Para el nazismo, la causa de la
escisión es biológica. De hecho, la idea de que la humanidad se divide en razas
dotadas de aptitudes y temperamentos diferenciados tenía antes de la Segunda
Guerra Mundial prácticamente la categoría de verdad indiscutible. Ya en la
Francia del Antiguo Régimen, el conde de Boullainvilliers había defendido los
privilegios feudales con el argumento de que los nobles descendían de los
francos conquistadores, en tanto que el tercer estado lo hacía de los
galorromanos vencidos. En nuestro país, aunque ha sido común que los linajes
nobiliarios pretendieran remontarse hasta los godos, la expresión más acabada
de este racismo al que podemos calificar de precientífico se encuentra en la
supuesta hidalguía universal de los vizcaínos, derivada de no haberse mezclado
con razas impuras y, sobre todo, en la obsesión por la limpieza de sangre, que
en los siglos XVI y XVII permitió establecer una barrera entre los cristianos
viejos y los llamados marranos, aquellos que contaban con judíos o musulmanes
entre sus antepasados. Desde el siglo XIX, el racismo adopta con Gobineau un
carácter pretendidamente científico que conlleva no solo la idea que la especie
humana se divide en razas desigualmente dotadas cuyos rasgos distintivos se
transmiten por herencia biológica, sino la de que estas diferencias permiten
jerarquizarlas. Los blancos, caracterizados por su racionalidad, control de las
pasiones y capacidad de trabajo, se situarían en la cima, en tanto que los
demás ocuparían diversos lugares en una escala cuyos niveles inferiores
corresponderían a las razas oscuras y salvajes, dominadas por los instintos y a
las que apenas cabria calificar de humanas. Es una concepción a la que se
sumaría pronto el darwinismo social, la idea de que en la sociedad, al igual
que en la naturaleza, impera una feroz competencia en la que sobreviven los más
aptos, en tanto que los débiles están condenados a la desaparición. Insisto en
que se trata de ideas tenidas por académicamente respetables y ampliamente
compartidas por europeos y eurodescendientes. Con ellas se justificaba no solo
el dominio colonial sino también a menudo la desigualdad social en las
metrópolis. El nazismo las asume como elementos capitales de su ideario, pero
lo hace aportando algunos rasgos distintivos.

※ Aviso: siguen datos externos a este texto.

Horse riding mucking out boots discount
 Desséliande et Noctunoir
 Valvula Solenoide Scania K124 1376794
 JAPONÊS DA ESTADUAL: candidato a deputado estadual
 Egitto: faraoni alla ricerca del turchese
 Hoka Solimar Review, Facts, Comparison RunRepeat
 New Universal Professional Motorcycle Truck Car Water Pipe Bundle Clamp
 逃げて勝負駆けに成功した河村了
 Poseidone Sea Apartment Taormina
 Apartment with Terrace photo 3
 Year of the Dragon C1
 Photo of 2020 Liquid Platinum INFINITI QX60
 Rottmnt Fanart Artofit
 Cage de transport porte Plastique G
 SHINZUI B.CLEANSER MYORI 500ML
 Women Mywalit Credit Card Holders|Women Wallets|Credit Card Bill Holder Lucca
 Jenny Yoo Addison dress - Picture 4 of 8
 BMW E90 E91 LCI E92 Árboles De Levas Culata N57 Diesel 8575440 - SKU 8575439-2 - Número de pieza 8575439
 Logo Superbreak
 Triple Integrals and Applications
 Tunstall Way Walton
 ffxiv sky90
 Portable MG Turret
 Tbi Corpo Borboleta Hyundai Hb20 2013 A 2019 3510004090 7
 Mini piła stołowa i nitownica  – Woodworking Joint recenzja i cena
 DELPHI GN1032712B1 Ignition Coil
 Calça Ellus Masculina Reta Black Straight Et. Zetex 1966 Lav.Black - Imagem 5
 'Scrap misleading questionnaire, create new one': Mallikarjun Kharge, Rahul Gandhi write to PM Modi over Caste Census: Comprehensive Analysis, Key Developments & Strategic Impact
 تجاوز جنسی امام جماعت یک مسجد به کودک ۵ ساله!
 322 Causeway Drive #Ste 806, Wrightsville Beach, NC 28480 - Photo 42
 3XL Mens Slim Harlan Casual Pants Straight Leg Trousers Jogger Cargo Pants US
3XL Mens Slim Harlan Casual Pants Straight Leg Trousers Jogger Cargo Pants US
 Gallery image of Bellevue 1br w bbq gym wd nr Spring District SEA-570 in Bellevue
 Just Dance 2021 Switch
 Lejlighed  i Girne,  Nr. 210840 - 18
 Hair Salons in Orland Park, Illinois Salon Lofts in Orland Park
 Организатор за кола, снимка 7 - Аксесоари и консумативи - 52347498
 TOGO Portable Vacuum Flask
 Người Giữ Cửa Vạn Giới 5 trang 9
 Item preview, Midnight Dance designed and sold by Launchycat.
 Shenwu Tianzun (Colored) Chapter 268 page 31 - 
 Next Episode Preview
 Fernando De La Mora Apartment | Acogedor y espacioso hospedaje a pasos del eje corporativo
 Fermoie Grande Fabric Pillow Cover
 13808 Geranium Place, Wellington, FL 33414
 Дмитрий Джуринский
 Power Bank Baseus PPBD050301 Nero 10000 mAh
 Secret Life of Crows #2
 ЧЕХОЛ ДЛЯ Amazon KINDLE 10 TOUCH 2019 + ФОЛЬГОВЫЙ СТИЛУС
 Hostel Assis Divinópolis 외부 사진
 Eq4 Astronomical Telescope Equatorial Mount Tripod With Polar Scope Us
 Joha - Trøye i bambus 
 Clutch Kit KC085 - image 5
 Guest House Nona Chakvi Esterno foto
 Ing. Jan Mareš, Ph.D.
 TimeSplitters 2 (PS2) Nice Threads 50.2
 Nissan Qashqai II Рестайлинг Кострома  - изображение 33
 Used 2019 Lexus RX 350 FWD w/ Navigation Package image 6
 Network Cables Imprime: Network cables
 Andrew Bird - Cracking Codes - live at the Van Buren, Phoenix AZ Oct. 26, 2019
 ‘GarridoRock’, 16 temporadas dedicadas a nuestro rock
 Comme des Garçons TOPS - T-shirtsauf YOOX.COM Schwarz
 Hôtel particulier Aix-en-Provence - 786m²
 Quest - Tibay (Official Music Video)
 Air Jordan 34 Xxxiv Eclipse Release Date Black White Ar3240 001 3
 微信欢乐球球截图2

En primer lugar, la expansión
colonial del Reich no se orientaría hacia ultramar, sino hacia los territorios
del este de Europa habitados mayoritariamente por eslavos. El Generalplan Ost
preveía la sustitución de estos, considerados racialmente inferiores, por
colonos germanos. En realidad, nada sustancialmente distinto de lo que había
ocurrido durante la expansión de los Estados Unidos hacia el oeste o de
Argentina en la Pampa y la Patagonia, por citar tan solo dos ejemplos. Los
eslavos, excepto el número que se considerara necesario para realizar como mano
de obra servil los trabajos que les requirieran sus amos, serían deportados a
las zonas orientales más improductivas y diezmados por el hambre.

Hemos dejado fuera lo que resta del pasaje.